In computing, there is a trend towards achieving higher performance through the use of multi-processor and multi-core architectures. These architectures allow a number of threads to execute in parallel, each on a corresponding processor, thereby reducing the overall time it takes to complete a task. However, in order to take advantage of such parallelism, the task must be broken down into largely independent sub-tasks that can be executed in parallel. This is difficult to achieve for many tasks, including many of the operations performed by a RIP.
The RIP process consumes a large proportion of time within a printing system. It is therefore desirable that the RIP process be accelerated through the use of multi-threading on a multi-core or multi-processor device. One method of performing the RIP process in parallel is by sub-dividing the output pixel space into regions, and performing the RIP process for each region in its own thread.
One method of doing this is to assign each page object to be rasterized to each of the regions that the page object overlaps or is present in. The regions can then be rasterized in parallel, with a separate thread processing each region. Each thread can only process those objects that overlap the region that is being rendered. However, because many objects may overlap many regions, many objects must be scan-converted multiple times, once for each region that the object overlaps. It is desirable that this duplication of processing be removed.

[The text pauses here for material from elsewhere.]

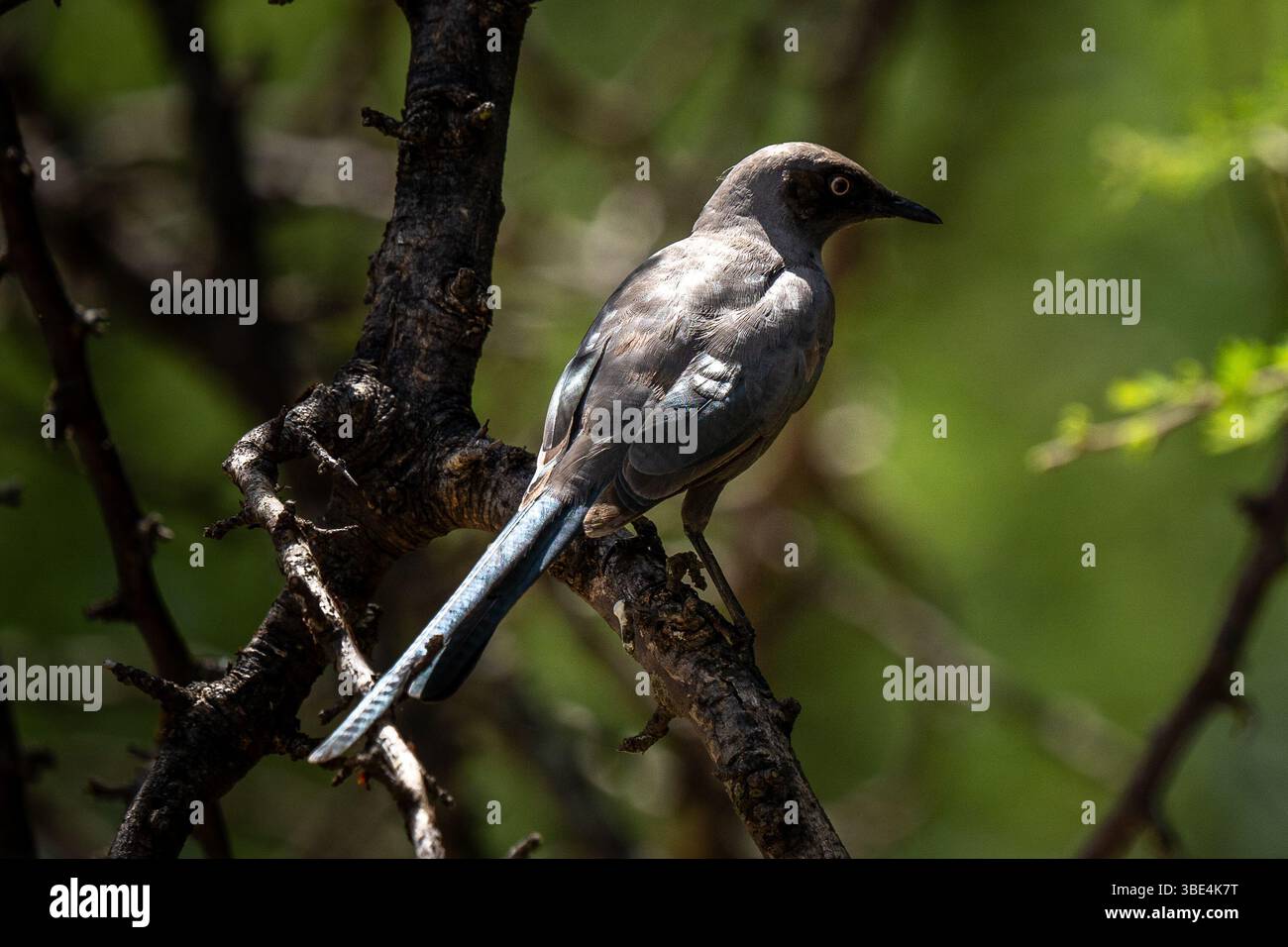 Starling perché sur une branche d'arbre dans un habitat vert naturel, oiseau sauvage africain en gros plan Banque D'Images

Another method of sub-dividing the output pixel space into regions, which removes this duplication of object scan-conversion, is to split each page object prior to scan-conversion, according to the object's intersections with region boundaries. A number of sub-objects are produced, each of which is present in (or overlaps) only a single region. Each sub-object therefore only needs to be scan-converted once. However, the splitting of high-level graphic objects (which normally consist of primitives such as lines and Bezier splines) is complex, and can result in mathematical errors which affect the quality of the rasterized output.
It is desirable that one or more these problems with the prior art be resolved, or at least ameliorated, while still allowing the intermediate representation of each region of the page to be generated in parallel.